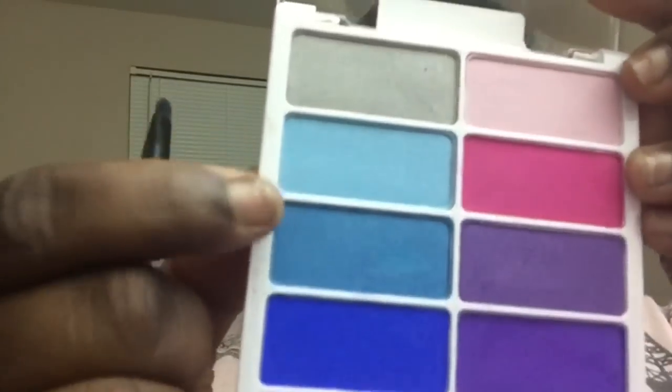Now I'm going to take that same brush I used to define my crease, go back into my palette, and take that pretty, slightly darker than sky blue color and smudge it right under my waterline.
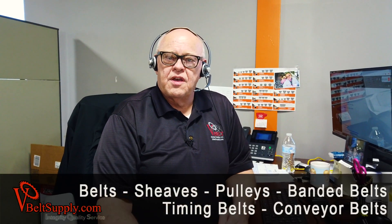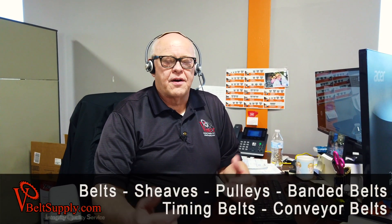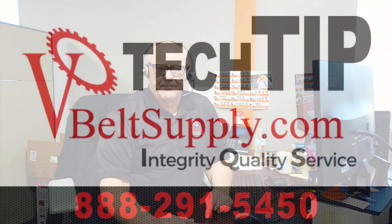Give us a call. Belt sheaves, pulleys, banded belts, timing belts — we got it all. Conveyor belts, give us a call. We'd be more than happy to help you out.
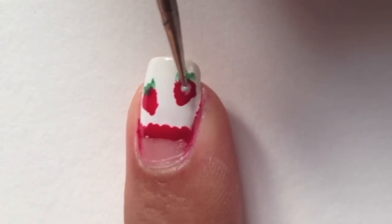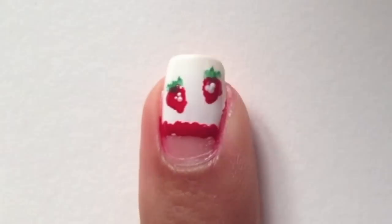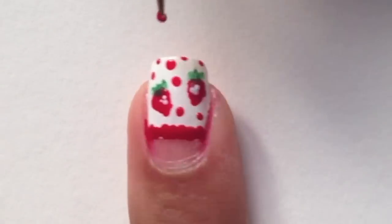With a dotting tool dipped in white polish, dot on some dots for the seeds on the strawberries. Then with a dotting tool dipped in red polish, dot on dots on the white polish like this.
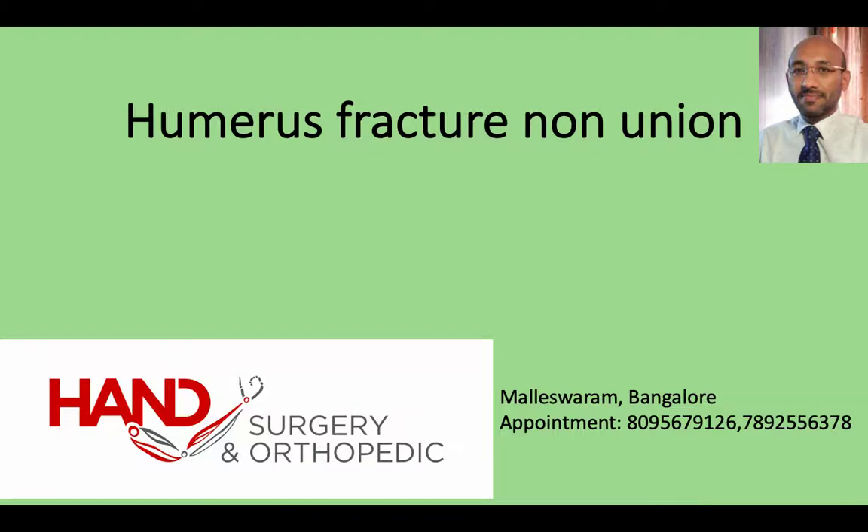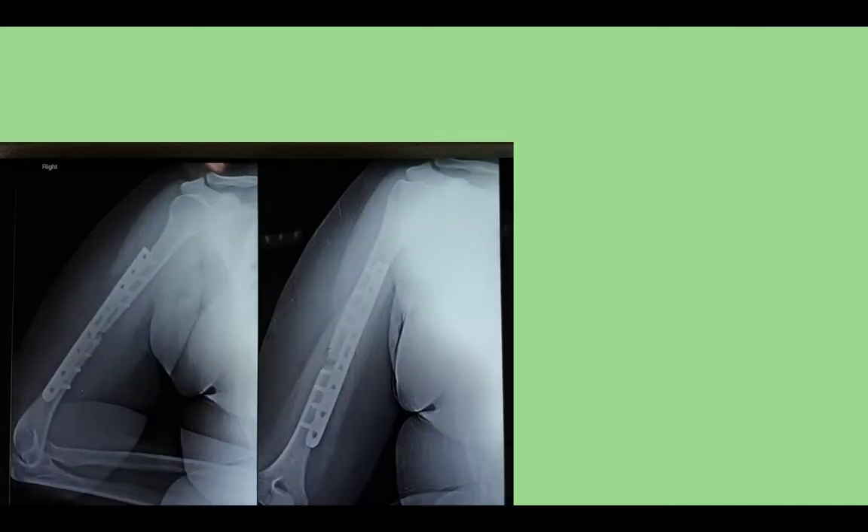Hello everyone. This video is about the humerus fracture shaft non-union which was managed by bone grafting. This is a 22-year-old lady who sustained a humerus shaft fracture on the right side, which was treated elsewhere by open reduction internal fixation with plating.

(TASK TO CARRY OUT): In your copy, the listing above should appear word for word, with no images.

(RESULT BELOW):
Now I'm going to take that same brush I used to define my crease, go back into my palette, and take that pretty, slightly darker than sky blue color and smudge it right under my waterline.
Give us a call. Belt sheaves, pulleys, banded belts, timing belts — we got it all. Conveyor belts, give us a call. We'd be more than happy to help you out.
With a dotting tool dipped in white polish, dot on some dots for the seeds on the strawberries. Then with a dotting tool dipped in red polish, dot on dots on the white polish like this.
Hello everyone. This video is about the humerus fracture shaft non-union which was managed by bone grafting. This is a 22-year-old lady who sustained a humerus shaft fracture on the right side, which was treated elsewhere by open reduction internal fixation with plating.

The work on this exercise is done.